### Assignment
At the line with "Snagov-Gruiu,vila P M", start transcribing; stop after the last line of the data below. Keep it exact and leave pictures out.

** Opening Data records block **

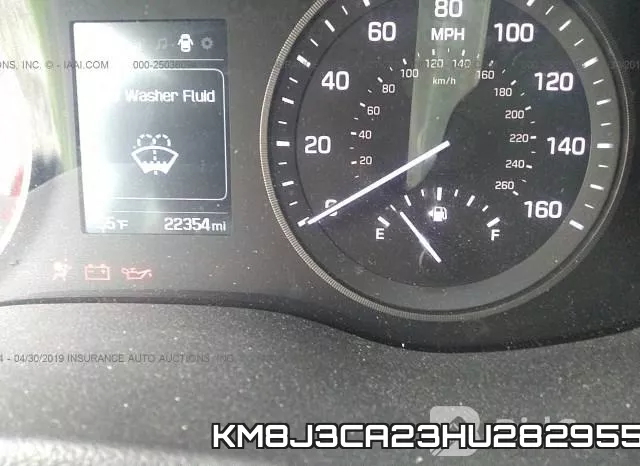 KM8J3CA23HU282955_7.webp
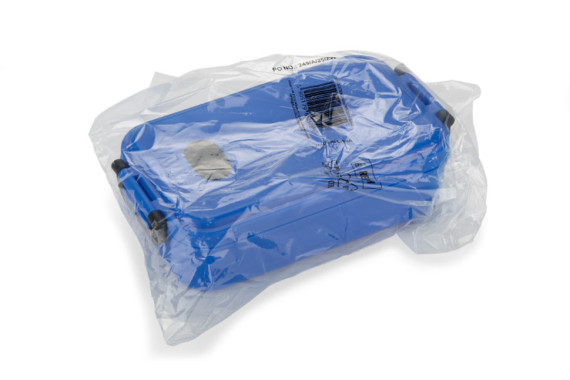 Nádoba TAPAS 850 ml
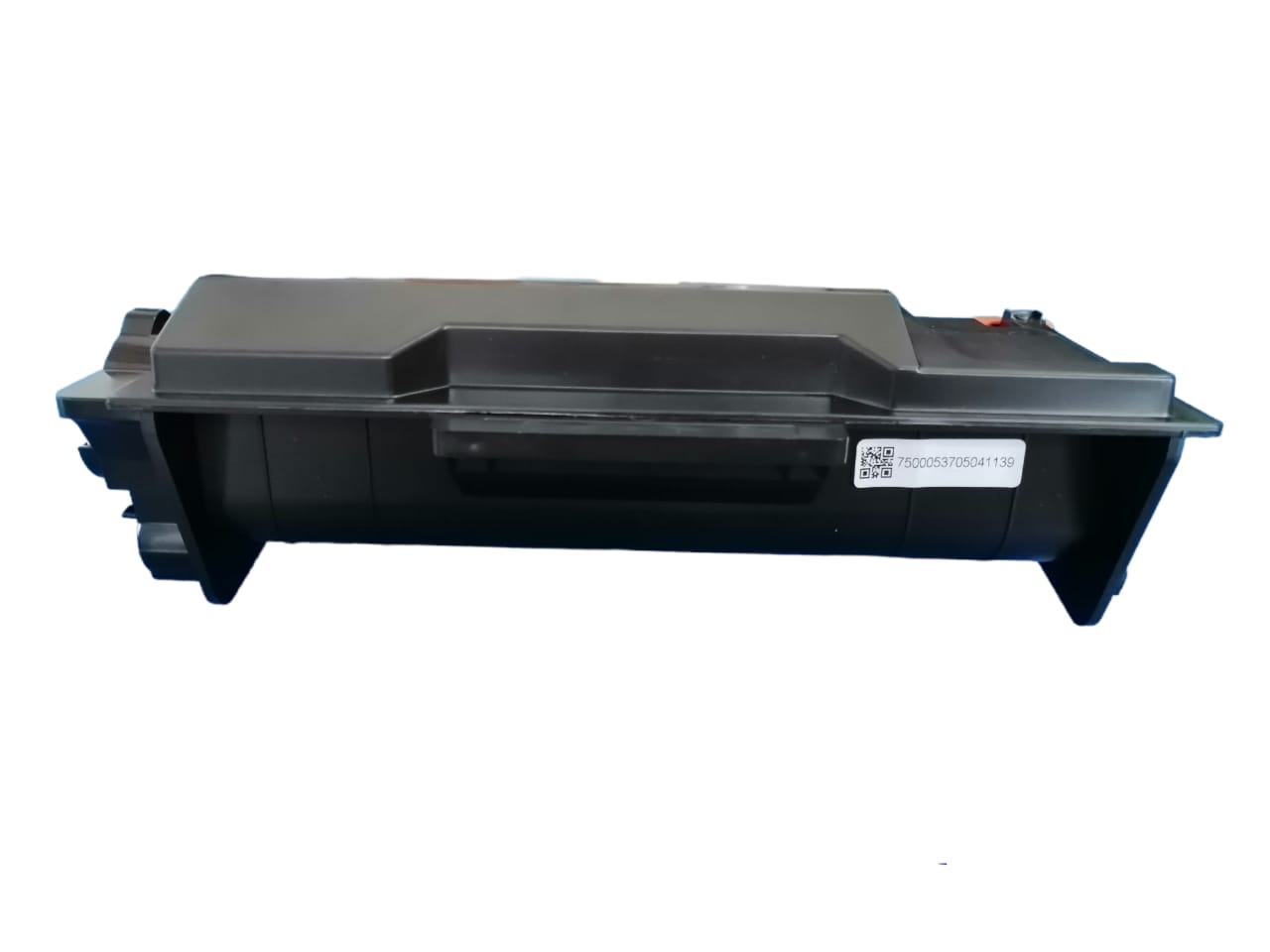 Cartucho tóner BROTHER TN 850, compatible genérico nuevo, para uso con los modelos de impresoras: TN-820, TN-850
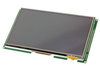 Display Modules - LCD, OLED, Graphic - 1756-1034-ND - DigiKey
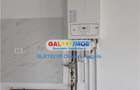 Snagov-Gruiu,vila P M ,4 cam supr utila 160 mp, teren 800 mp - 7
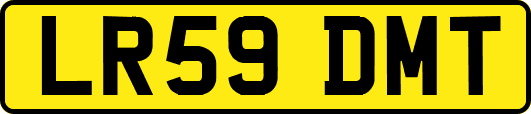 LR59DMT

** Closing Data records block **

### Reply
 Snagov-Gruiu,vila P M ,4 cam supr utila 160 mp, teren 800 mp - 7
 LR59DMT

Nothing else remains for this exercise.